No comprenden que el quid pro quo no es una medida válida de los sentimientos de las personas. Y que no siempre tienes que esperar recibir antes de ponerte a dar. Que los verdaderos sentimientos se bastan a sí mismos y no necesitan de dinero ni de prestigio ni de vanas risas ni de apariencias, porque se elevan por encima de todo eso. Buscan para sí aquello que hace a la otra persona única en el mundo: su forma de ser.

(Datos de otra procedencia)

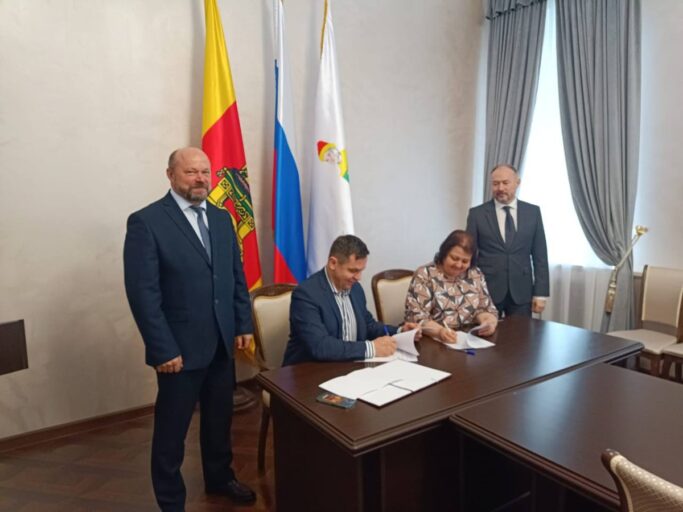 Думы Калининского и Старицкого округов Тверской области подписали соглашение о сотрудничестве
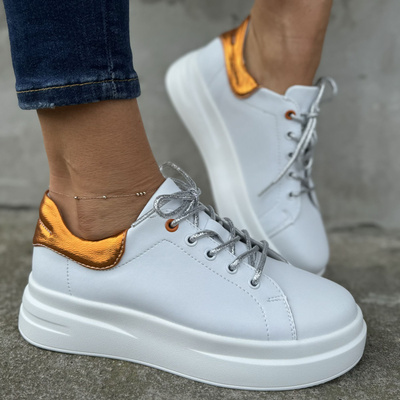 Bílé a oranžové kožené boty na platformě Artiker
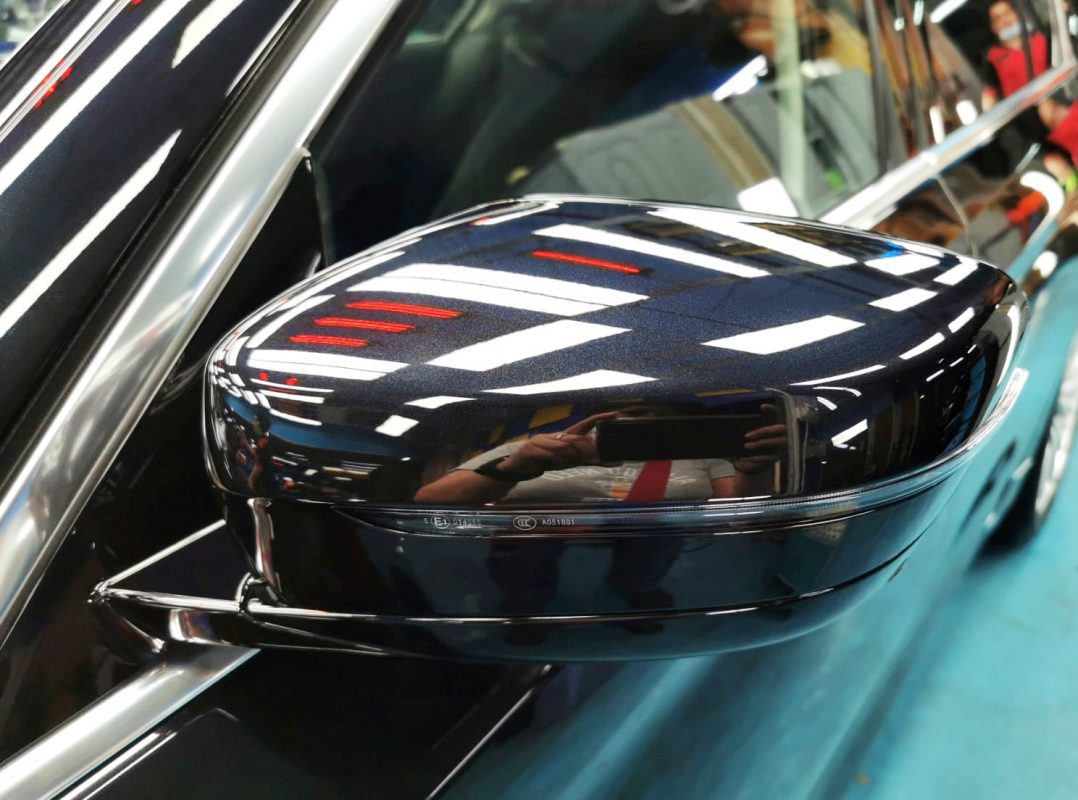 Side panel of the BMW 520i with the titanium finish locked in.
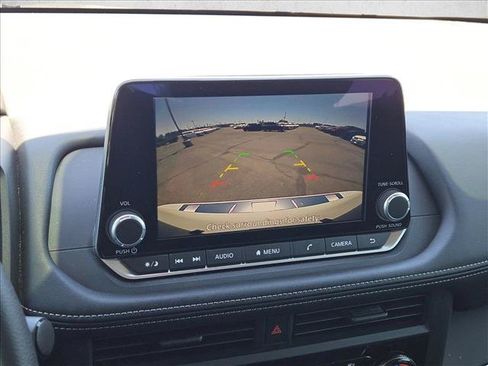 Used 2025 Nissan Rogue S FWD image 12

Hay algo en ellas que a mí me deja desconcertado: son capaces de abrazarte llorando desesperadamente mientras musitan a tu oído lo mucho que te quieren, que te aman y que te necesitan; cuando, realmente, dentro de sí poseen la absoluta certeza de que ni te quieren ni nunca te querrán. Son tan insinceras, es tan imposible saber sus sentimientos, que toda relación sentimental con ellas me parece un engaño, un teatro. Y qué decir de lo fácilmente que olvidan, de lo corto que es el olvido para ellas, de la facilidad con la que reemplazan a una pareja por otra, como si fueran objetos, como si el pasado no existiera. Y lo peor de todo, pueden estar con alguien sin quererlo, sólo porque se sienten a gusto viviendo en un entorno familiar, mientras reducen a ese alguien a un mero mal necesario.
Yo nunca me fiaré de los sentimientos de una mujer, por eso prefiero vivir solo.